A simple internal reference reduces unit errors more than any software update.

  1. List every timed CPT code your practice uses regularly.
  2. Map each code to its minute-to-unit conversion using the 8-minute rule chart.
  3. Flag codes that require PTA or OTA modifiers separately.
  4. Note the current KX modifier threshold and update it every January.
  5. Include a reminder for progress report timing under each plan of care.

Keep this reference near intake and documentation stations. Most billing errors happen at the point of treatment notes, not during claim submission.

For practices managing multiple providers across PT, OT, and speech, documentation consistency becomes harder to maintain manually. Our rehab therapy billing services are built around these exact unit and modifier checks, applied before claims go out the door.

Get Rehab Therapy Claims Paid Without the Guesswork

Rehab therapy billing comes down to matching documented minutes to billed units, applying the right modifiers, and staying current on CMS thresholds that change every year.

The 2026 updates raised the KX modifier threshold to $2,480 and added new RTM codes to the therapy list.

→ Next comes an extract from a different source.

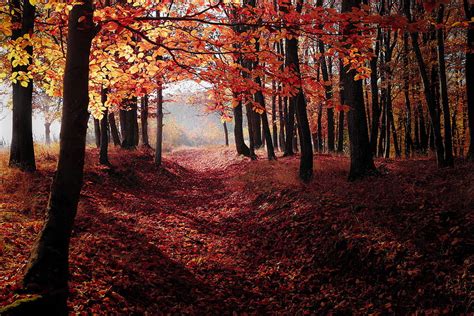 Autum Forest X Ultra Red Fall Forest Hd Wallpaper Pxfuel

Practices that update their systems and cheat sheets early avoid the denial wave that hits every January.

If unit errors and modifier mismatches are eating into your reimbursement, Delaware Medical Billing can review your current rehab therapy billing process and fix it at the source, not just the claim level.

FAQs

What are some physical therapy billing examples using the 8-minute rule? A 47-minute session of timed codes bills as 3 units. A 24-minute session of one code plus a 23-minute session of another bills as 2 units for the first code and 1 unit for the second, based on remaining minutes. Sessions under 8 total minutes for a single code cannot be billed.

What are the CMS physical therapy billing guidelines for 2026? CMS requires the 8-minute rule for unit conversion, a KX modifier on claims exceeding $2,480 for PT and SLP combined, and CQ or CO modifiers when a PTA or OTA performs part of the service. Three new RTM codes were added to the therapy code list for 2026.

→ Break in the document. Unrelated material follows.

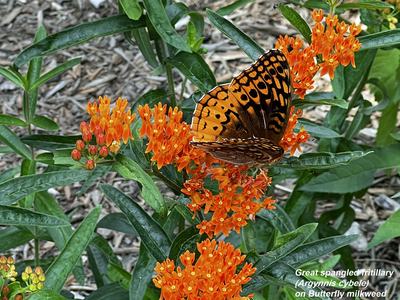 Butterfly on milkweed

How do physical therapy billing units work for private insurance versus Medicare? Medicare uses the 8-minute rule, requiring at least 8 minutes per unit for timed codes. Many private insurers use the substitution method, summing all timed minutes across codes before applying the 8-minute threshold. The two methods can produce different unit totals for the same session.

What is the Medicare cap for physical therapy in 2026? There is no hard cap. The KX modifier threshold for 2026 is $2,480 for PT and SLP combined, and $2,480 for OT. Beyond this, the KX modifier attests to medical necessity. The targeted medical review threshold remains $3,000.

What is a physical therapy billing cheat sheet? A cheat sheet is an internal reference listing commonly used CPT codes, their minute-to-unit conversions under the 8-minute rule, modifier requirements for assistants, and current Medicare thresholds. It helps documentation and billing staff stay consistent across providers.

What does the CQ modifier mean in physical therapy billing? The CQ modifier indicates that a physical therapist assistant furnished part or all of a billed service. Claims with this modifier are paid at 85 percent of the standard Part B payment rate. Documentation must reflect the assistant’s involvement accurately.